What you return must be the data below, word for word, without any images.
_ _ _ _
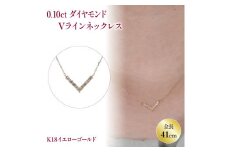 ダイヤモンドVラインネックレス （0.1ct） K18 イエローゴールド | ネックレス ダイヤモンド ネックレス ジュエリー ネックレス アクセサリーネックレス 母の日 記念日 プレゼント【JP0202a】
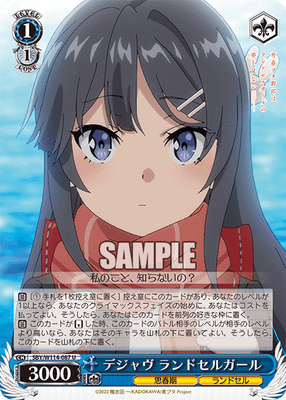 デジャヴ ランドセルガール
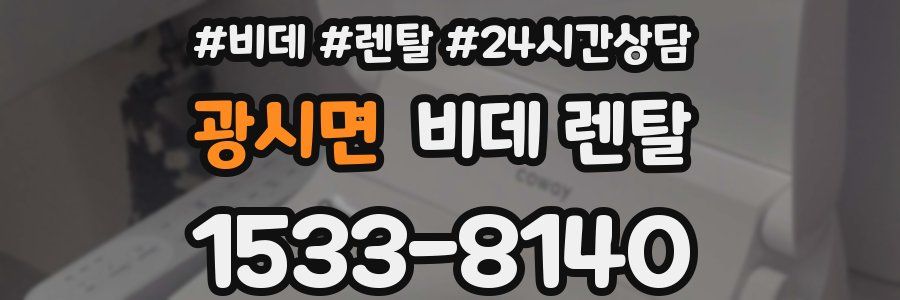 광시면 비데 렌탈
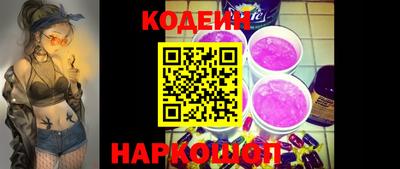 альфа пвп VHQ Обнинск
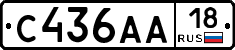 С436АА18 - 
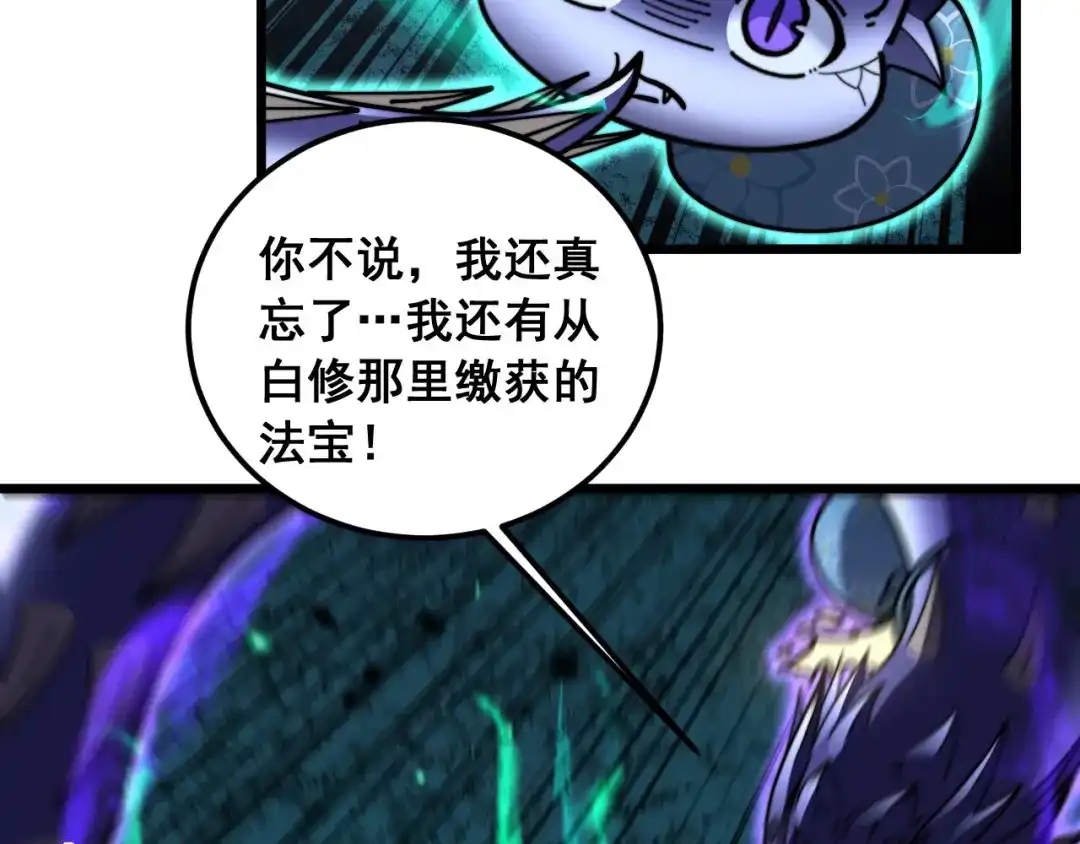 老蛇修仙传（蛇祖） 第74话 噬魂幡出 第79页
_ _ _ _
*SOLUTION FOR THIS EXERCISE:*
 ダイヤモンドVラインネックレス （0.1ct） K18 イエローゴールド | ネックレス ダイヤモンド ネックレス ジュエリー ネックレス アクセサリーネックレス 母の日 記念日 プレゼント【JP0202a】
 デジャヴ ランドセルガール
 광시면 비데 렌탈
 альфа пвп VHQ Обнинск
 С436АА18 - 
 老蛇修仙传（蛇祖） 第74话 噬魂幡出 第79页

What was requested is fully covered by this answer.